| 2.3- El palacio barroco como escenario del poder. El modelo de Versalles.
El arte barroco francés puede definirse como clasicista, prefiere la claridad, el orden y la serenidad a lo recargado y lo retórico, la obra así resulta sobria y equilibrada.
En un primer período, hasta 1660, se desarrolla el denominado estilo Luis XIII, se mantiene la influencia italiana tanto en las construcciones religiosas, entre las que sobresale la Iglesia de Val de Grace (1645) obra de François Mansart (1598-1666), aunque acabada por Lemuet.
En las obras civiles, sobresale el Palacio de Luxemburgo (1615) obra de Salomon Brosse (1571-1626), aunque los modelos italianos se abandonan progresivamente como se puede observar en la obra de Jacques Lemercier en el Palacio de París.
El carácter clasicista y oficial se acentúa durante el segundo periodo, que abarca hasta el primer decenio del siglo XVIII, denominado estilo Luis XIV, entonces se fundan las academias, en 1671, se fundó la Academia Real de Arquitectura, estas instituciones marcan las directrices a las que debe someterse la creación artística.

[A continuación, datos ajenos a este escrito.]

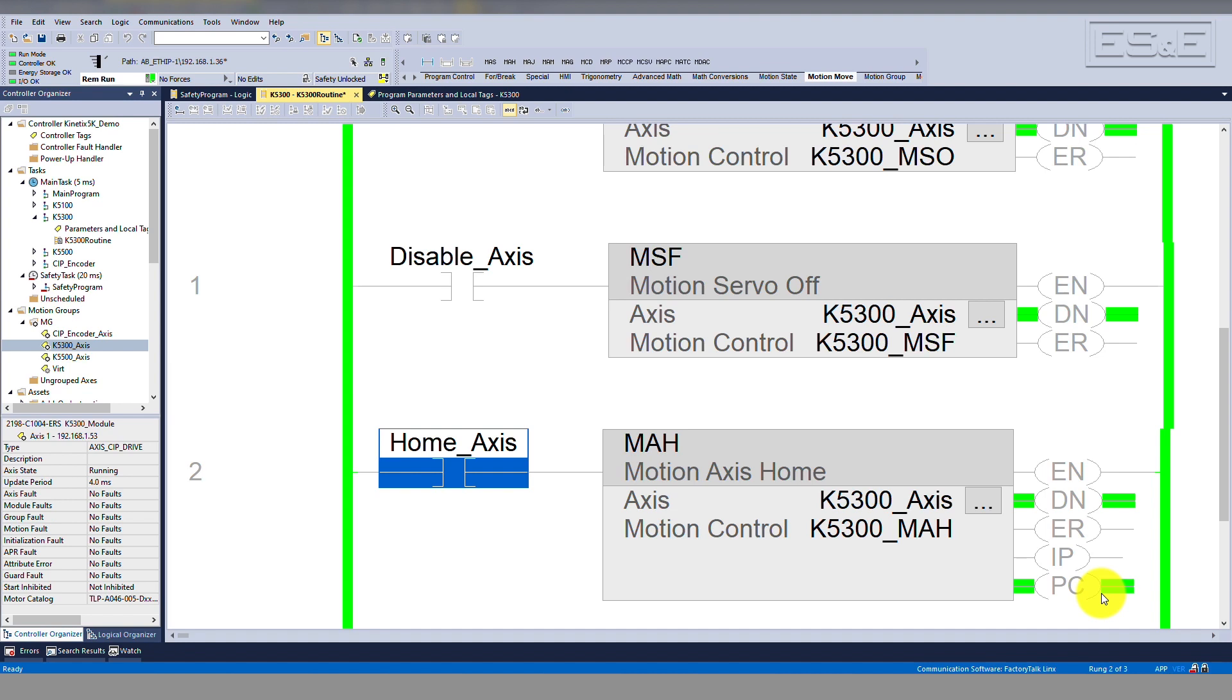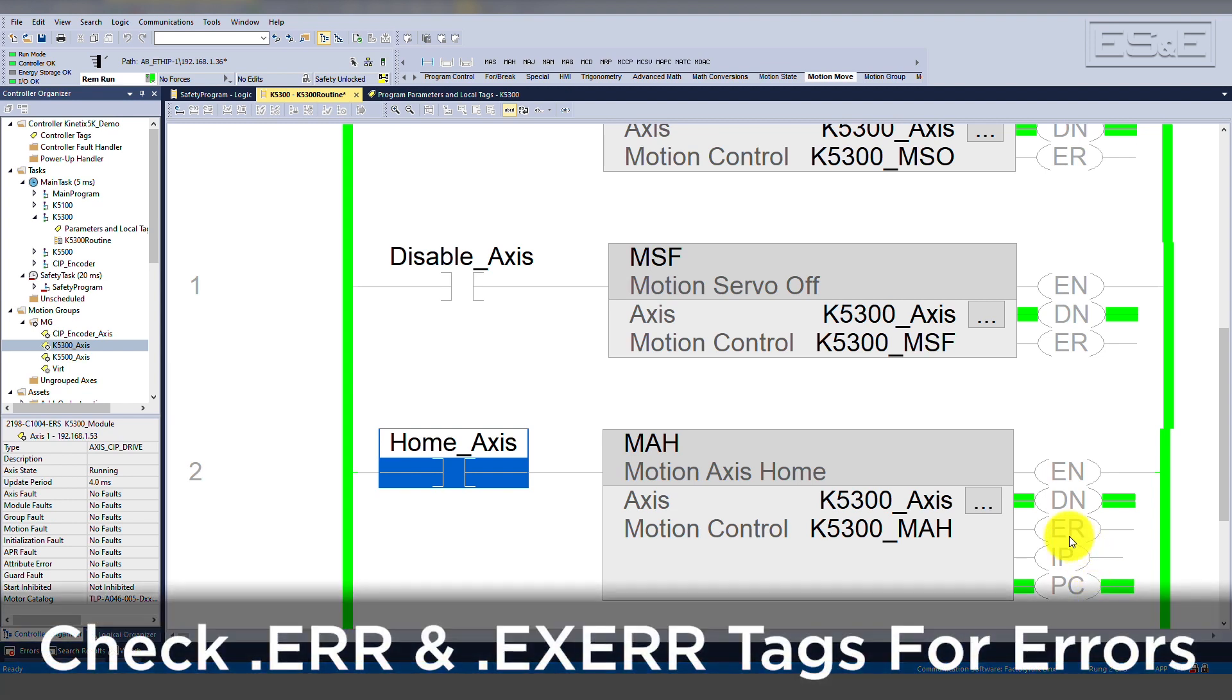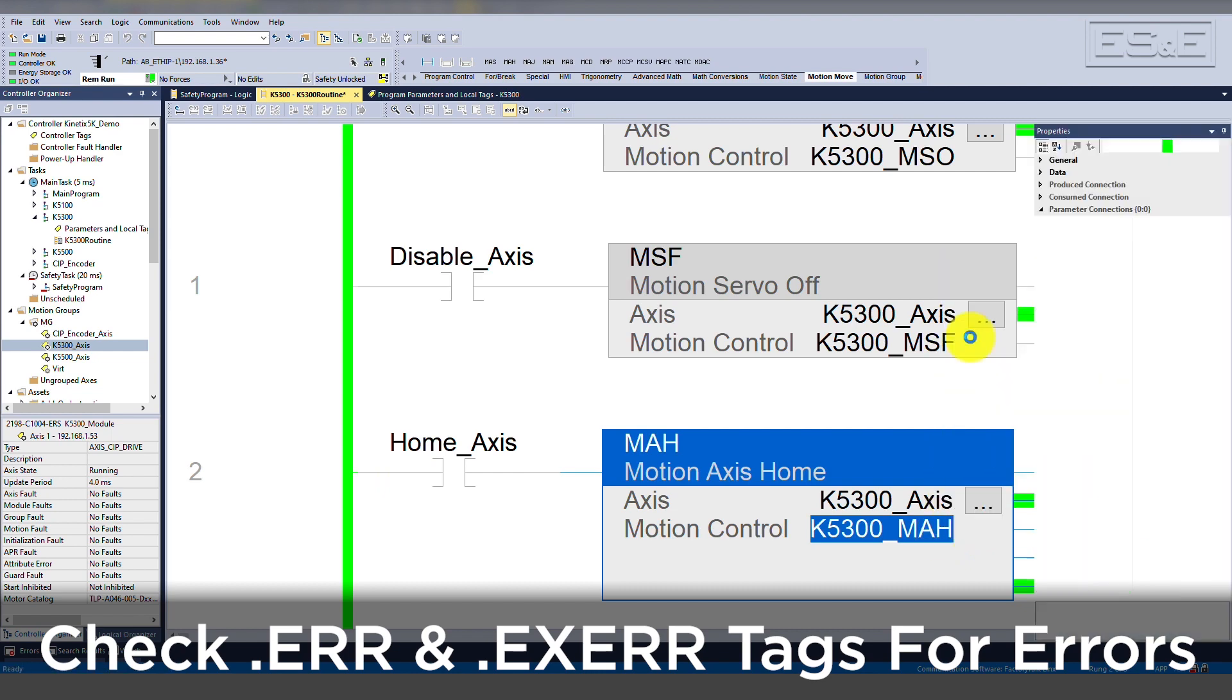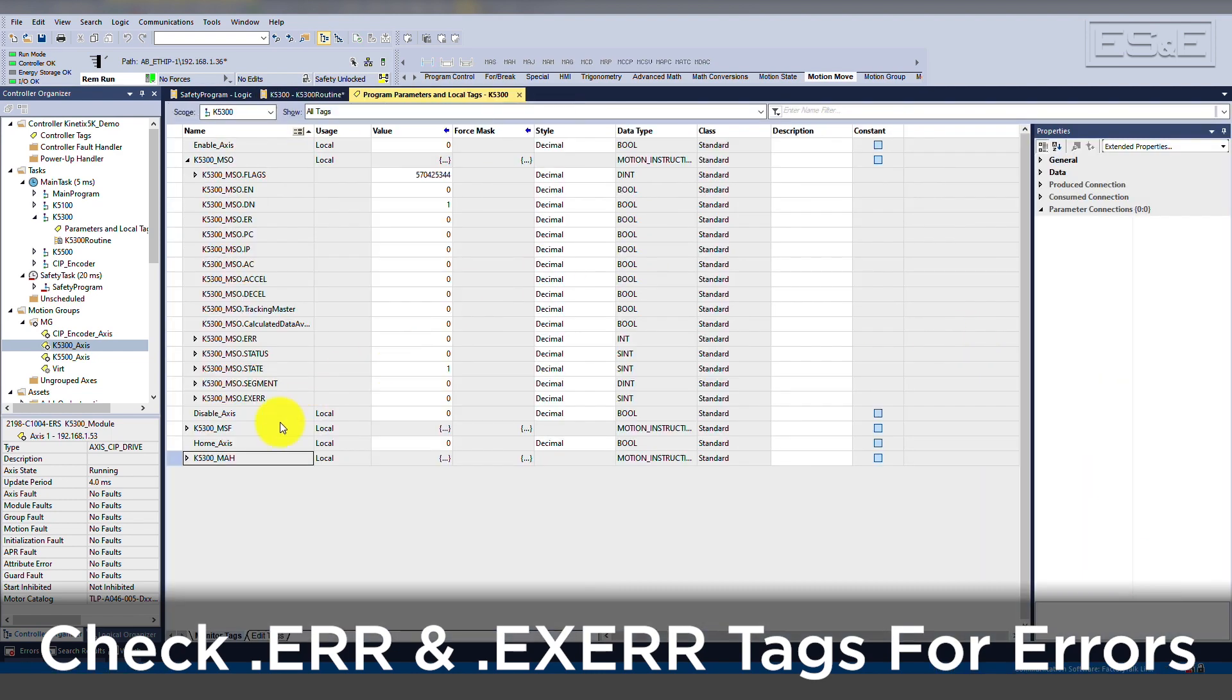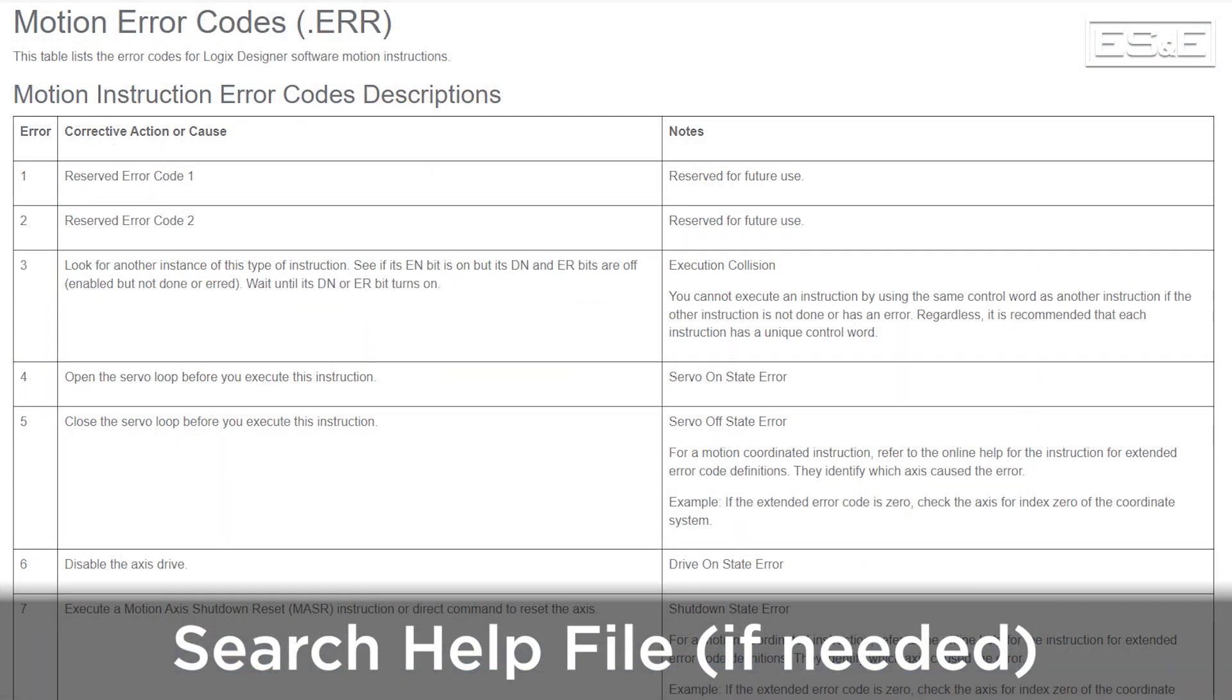If the instruction is executed and the ER bit goes true, then you can look at the .err and .exerr tags to see what specific error you are getting. You can then search for the error in the help file to determine what caused the instruction to error.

El palacio se convierte en el edificio más representativo del barroco francés, un edificio de grandes dimensiones, con una marcada horizontalidad, consta de una planta en forma de “U” hacia el jardín formando escuadra. las fachadas se caracterizan por su severidad clásica, son uniformes y simétricas, con frecuencia en total desacuerdo con la distribución interior, sin embargo los salones interiores se llenan de ricos elementos ornamentales, con profusión de curvas.
En este periodo se finaliza la fachada oriental del Palacio del Louvre (1667-1670), en el que Claude Parrault (1613-1688) y Luis Le Vau (1612-1670), una obra clasicista, cuya planta baja es austera, de una gran solidez, con vanos de arcos rebajados, pero en el que sobresale la planta superior con una gran columnata, formada por columnas pareadas de orden corintio, las secciones central y final sobresalen ligeramente y tiene aberturas en forma de arco y otros detalles como la ornamentación con medallones y girnaldas de flores.. Toda la fachada es una unidad compleja enfocada hacia el centro para dar una impresión simple y poderosa muy al gusto de la arquitectura oficial francesa.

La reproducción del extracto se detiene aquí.